Earlier this week, when I was looking around the garage to see if there was anything more I could recycle or remove, I paused to ponder the shopping bag of plastic Target bags. After sixteen months of curbside pickup—despite having used many as garbage bags—I’ve accumulated quite a stash. I tossed them into the trunk of the car and tried to return them to Target, and was disappointed to learn they are not accepting returned bags at this time.
Maybe in a few months I’ll try again.
Although it’s still summer, we’re in a season of return. Students are returning to school, my spouse and our son are returning to campus, I am returning to this blog and to the basement studio to throw pots. Next week, I’m returning to the skies, taking my first flight in more than twenty months. After I return from a week in New York, I’ll be returning to The Weber School to create curricular materials and team-teach with former colleagues.
While all of this returning brings with it hope for a future time when we’ll be able to resume activities safely, returning the Target bags to my garage is a reminder we’re not there yet.

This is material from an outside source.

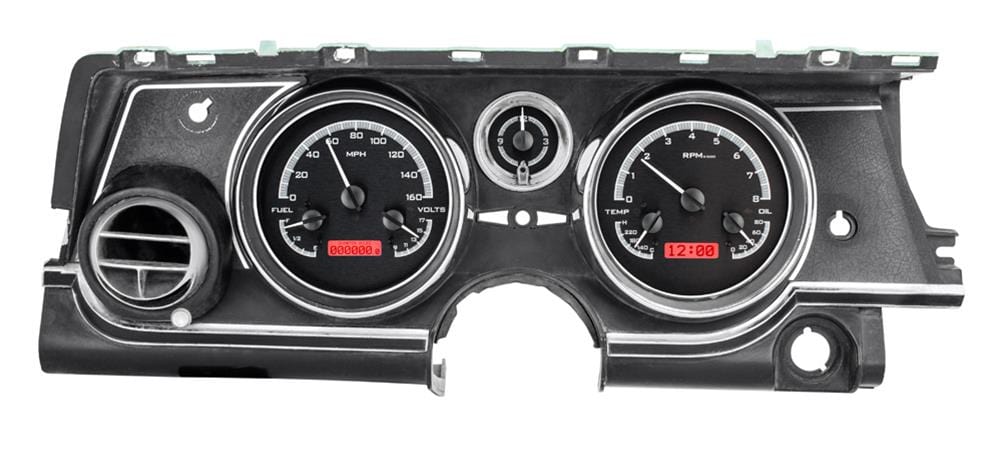 Dakota Digital Dakota Digital VHX Series Direct-Fit Analog Gauge Systems VHX-63B-RIV-K-R Autofit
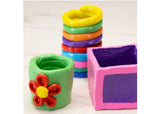 Galt - First Pottery kit for kids, featuring air-drying clay, tools, and vibrant paints for crafting and decorating unique pots.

In Jewish life, we’re also entering a season of return. In a few days, we’ll welcome the Hebrew month of Elul with the sound of the shofar, a reminder that the season of repentance and days of awe, Rosh Hashanah and Yom Kippur, are approaching. During this month, we make an accounting of our deeds and take responsibility for our actions in the previous year; we seek forgiveness from those we have wronged and let go of anger and recrimination; we strive to return to ourselves, our best selves, so we may repent before God on Yom Kippur, the Day of Atonement. And then we begin the process anew.
We live in a perpetual state of return.
God says to us, “Return to me, for I will redeem you.” (Isaiah 44:22) May we respond to this call by first returning to each other with a renewed commitment to live together in peace.